# aging hobo



## maus (Jul 26, 2009)

ok, i turned 25 this year. i know it isnt *that* old but i definitely started going 'wtf am i doing with myself?!?!' a lot. my back hurts. my liver hurts. i live under a tarp in the woods. i dont even really travel anymore. i am just one bum among a thousand in santa cruz. i dont aim to end up one of those guys with fucked up teeth who pushes a shopping cart around all day. you know? anyone else feeling this? i'm thinking of going to community college. its not an idea i'm super stoked about and i'm looking for other ones.


----------



## flashinglights (Jul 26, 2009)

I'm near your age and I can relate.

If you're worried about slipping into homebum status, you could always avoid that by finding a place where you can buy a house for real cheap (i.e., less than $10K, not anywhere near the west coast), and then you have some breathing room to live stable at a home base, travel as you wish, and build the life you want. More or less my plan when I find the right town/city...


----------



## thunderson5 (Jul 27, 2009)

ha.i am 44 and thats old never thought id make it this far,live in small camp trailer i bought with ssd. back pay.lived under bridges in parks and hitchhiked all over west coast.have bad back and hip.if your not happy with how your living then change it,but look at what you will have to give up.your freedom for one,living by sombody elses clock,rent,bills of all kinds,and all the other crap youll have to put up with,i am thinking about selling everything witch aint much and go back to squatting and camping.who cares what other people think. f,um::zombie:


----------



## atherington (Jul 27, 2009)

I'm 25 and don't really consider that old. I think the bulk of my journeys are ahead of me. You can always work for part of the year and travel the rest. I come from the east coast of Canada so always worked through the winter and did the travelling I wanted in summer.
But it is good to have a little education and a way of making some money. I want to see more than just north america and I'll need money for that.


----------



## keg (Jul 27, 2009)

xxxxx


----------



## loess (Jul 27, 2009)

If you do decide to go the community college route, Cabrillo College is an awesome school. I went there for four semesters, took mostly music classes. Man I miss Santa Cruz.


----------



## maus (Jul 27, 2009)

thanks for the replies everyone. well, mostly. i dont think anyone needs to assume what exactly i am/am not frustrated about, or that i need to explain in full detail why i feel like ive dug myself a pretty deep hole with a decreasing amount of options although perhaps i should have been more blunt about that. no, i dont really care what other people think, although i dont like feeling like im turning into a crazy hermit. yes, i know im not that old; i said it in my first post. i guess its been occurring to me how i fled the dead time of work to wind up in the dead time of drinking by the tracks or whatever. call it 'freedom' if you want, it's just another weak little niche among the cogs of capitalism.

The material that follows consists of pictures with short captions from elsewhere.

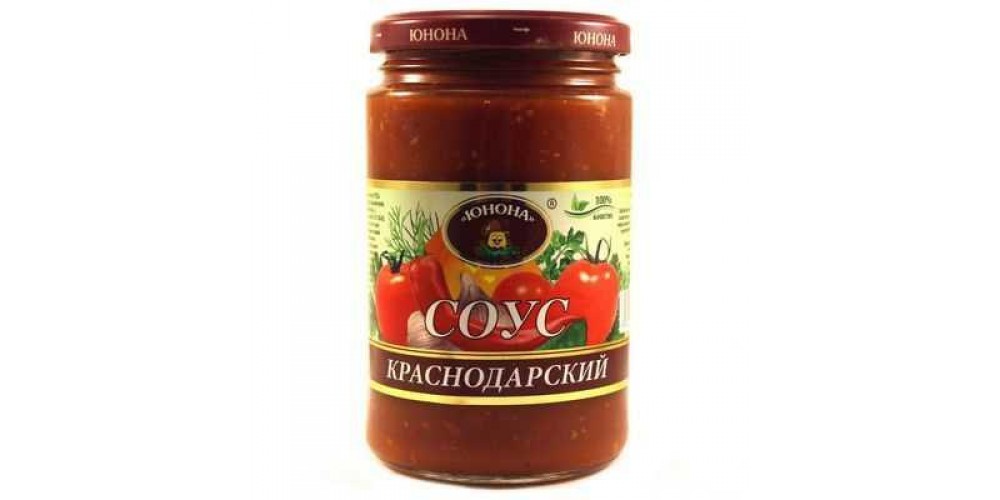 /Юнона/ Соус Краснодарский с/б 370г./12шт./4699304237883/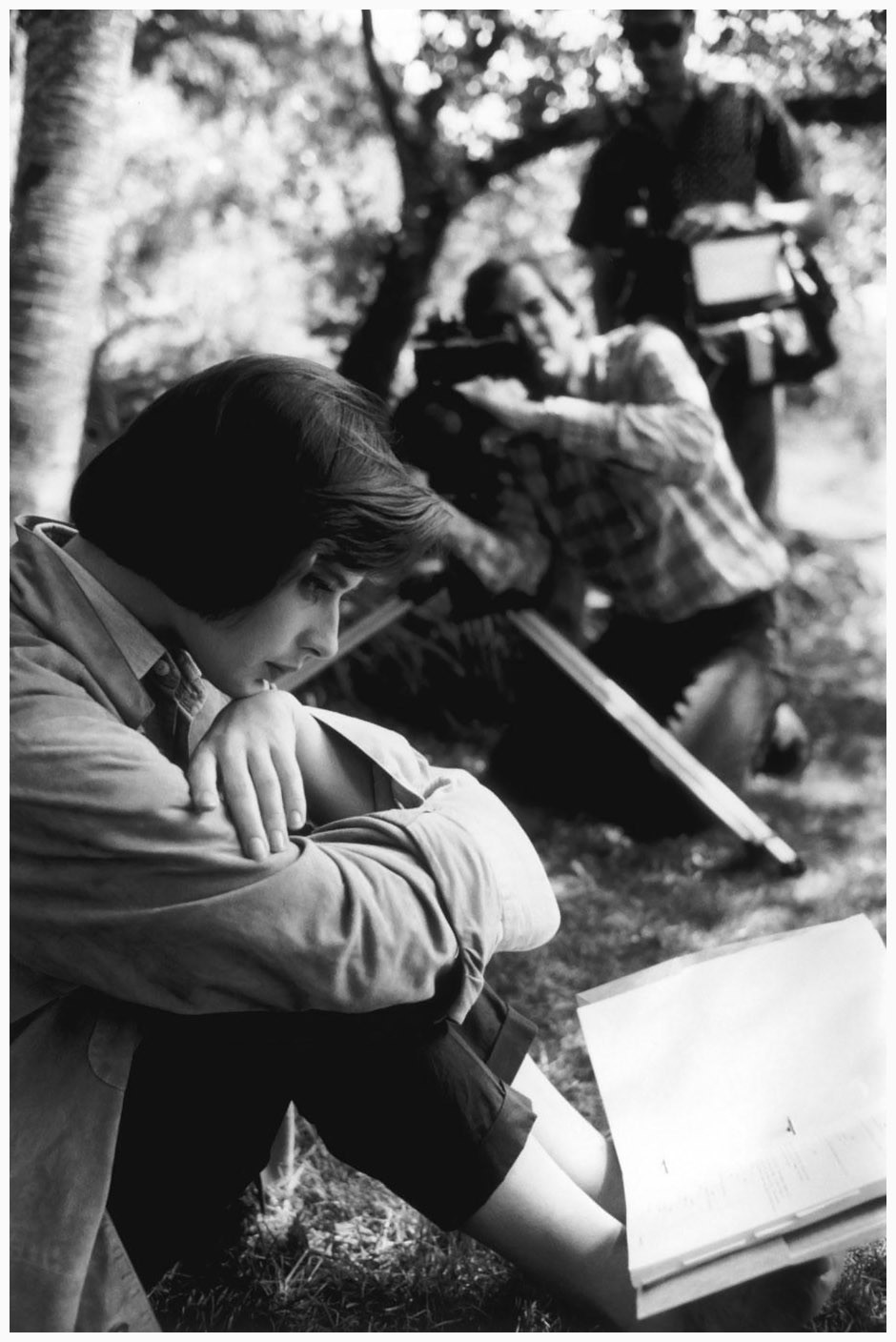 Изабелла Росселлини на съёмках Синего бархата, 1985. Фотограф Ева Арнольд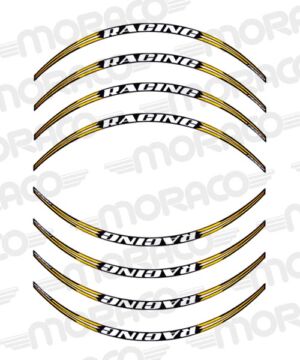 Filet / Liseret de jante décor racing 5026 (5026J) - Progrip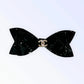 Quilted CC Leatherette Hair Bow for Dogs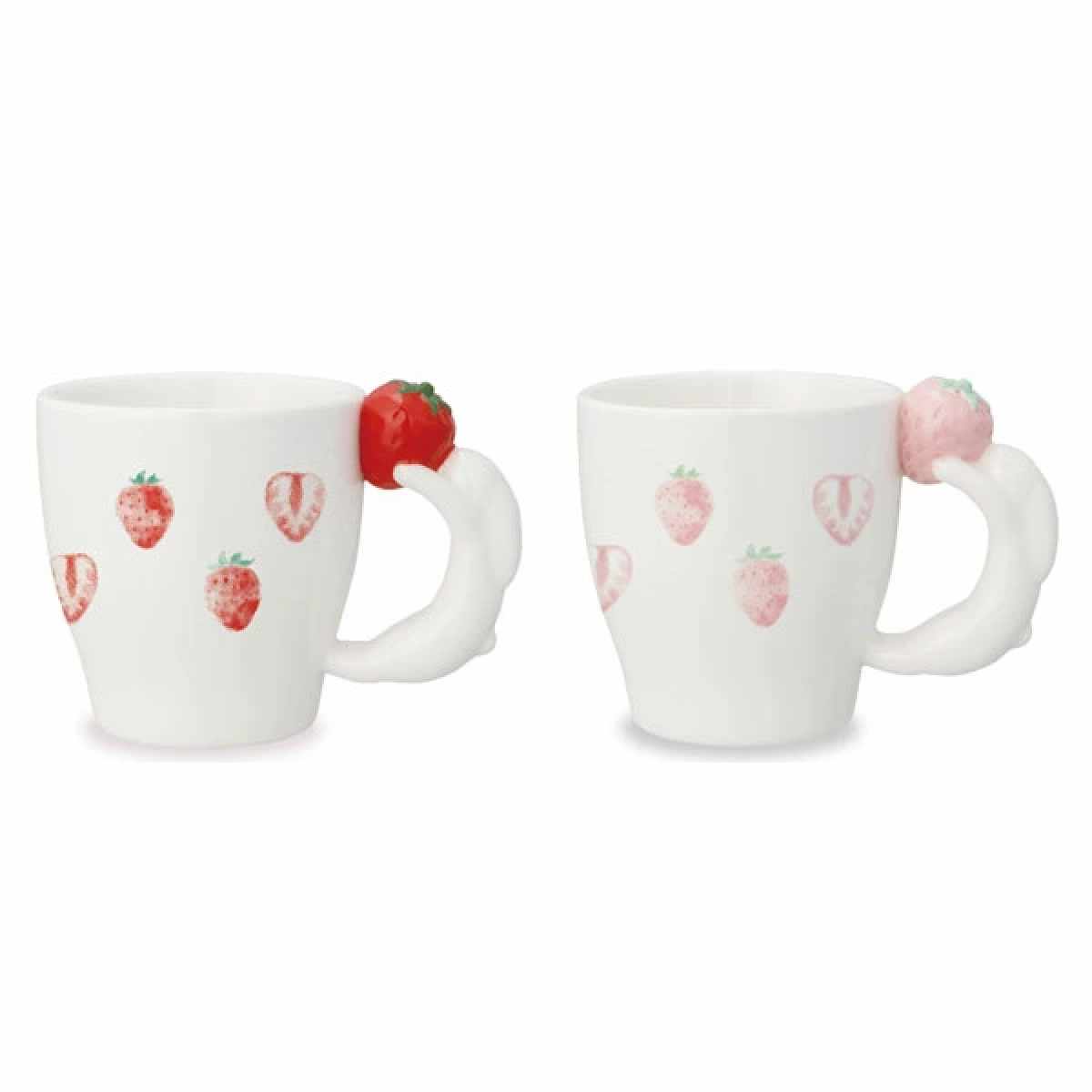 マグカップ 170ml 苺うさぎ 陶器 （ マグ カップ コップ ティーカップ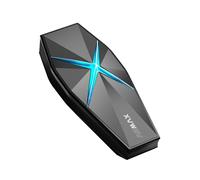 ASMAX F1s Doble Intercomunicador Casco Moto, 10 Vías Mesh Intercom | Control de Voz en Español, Bluetooth 5.3, ENC Cancelación de Ruido, Emparejamiento Universal, Base de Liberación sin Imán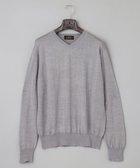 【五大陸/gotairiku / MEN】の【ベーシックニット】ハイゲージVネック ニット グレー系|ID: prp329100003653334 ipo3291000000028716336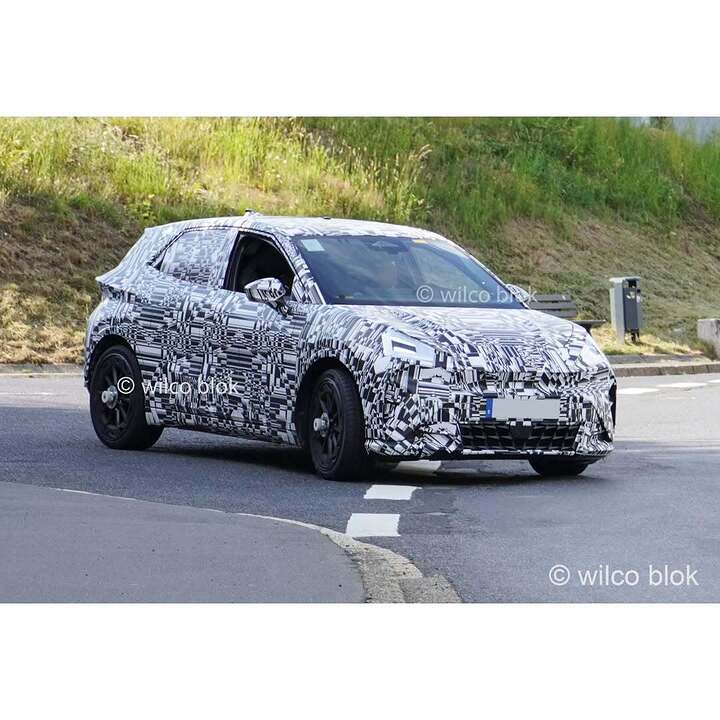 Cupra Raval spied- the rebellious cousin of the Volkswagen ID.2!#cupra #raval #cupraraval #prot (2)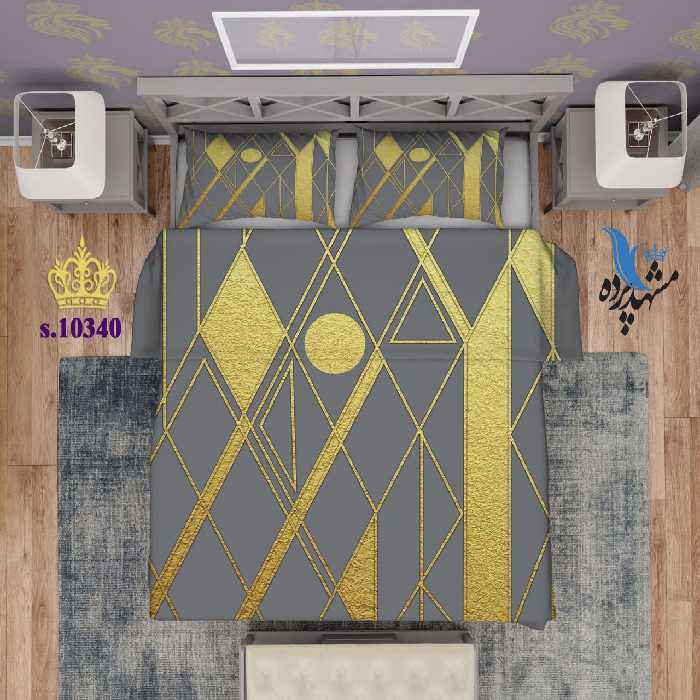 ست روتختی دو نفره طرح هندسی S10340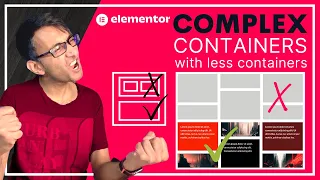 Complex Containers with Less Containers - Elementor Wordpress Tutorial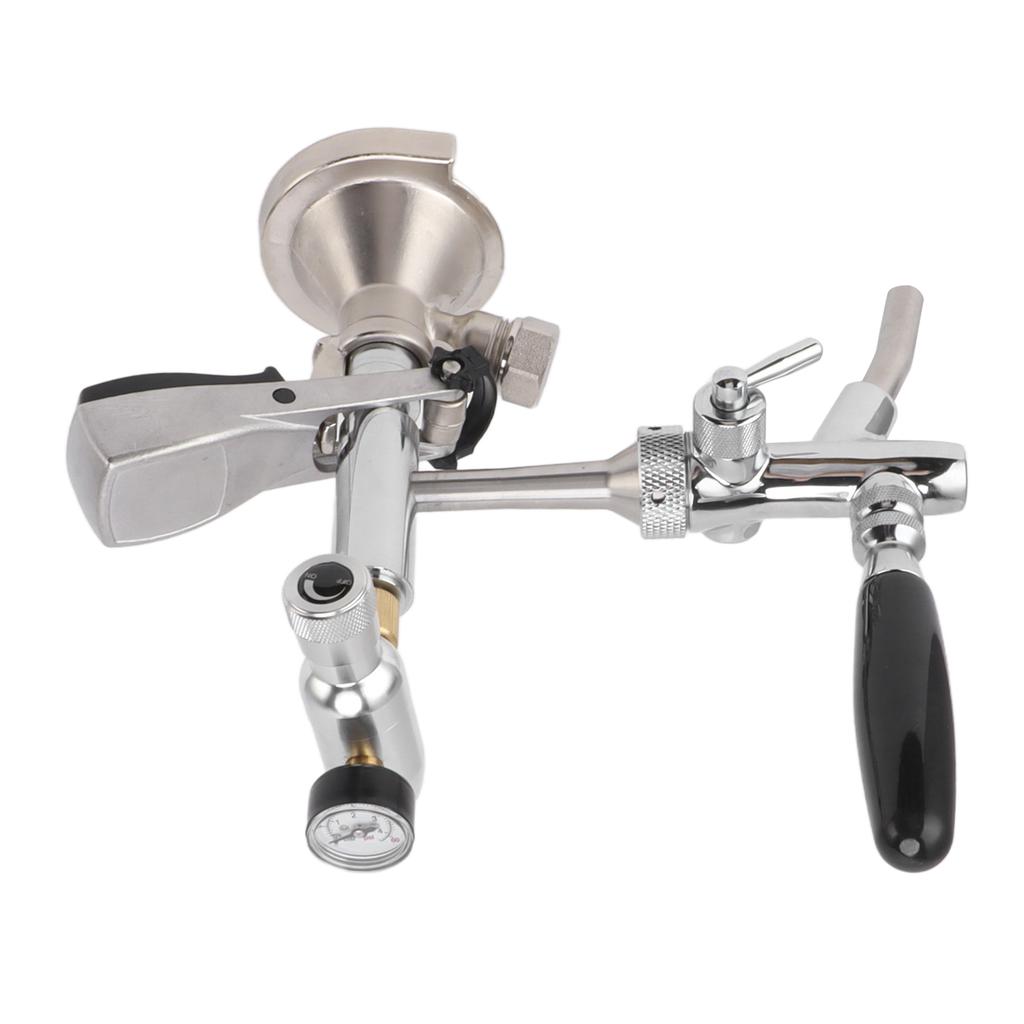 4in Party Bierpumpe Edelstahl Messing Bierfasspumpe Wiederverwendbare Zapfbier Kegerator Pumpe mit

loess, it's actually cabrillo that i'm thinking of going to. i have in fact heard it sounds like a pretty decent place but its nice to hear it again. in other news ive decided to sober up and get a bicycle...


----------



## loess (Jul 27, 2009)

maus said:


> loess, it's actually cabrillo that i'm thinking of going to. i have in fact heard it sounds like a pretty decent place but its nice to hear it again. in other news ive decided to sober up and get a bicycle...



It's been about 7 years since I was there, but let me know if you ever have any further questions about Cabrillo.


----------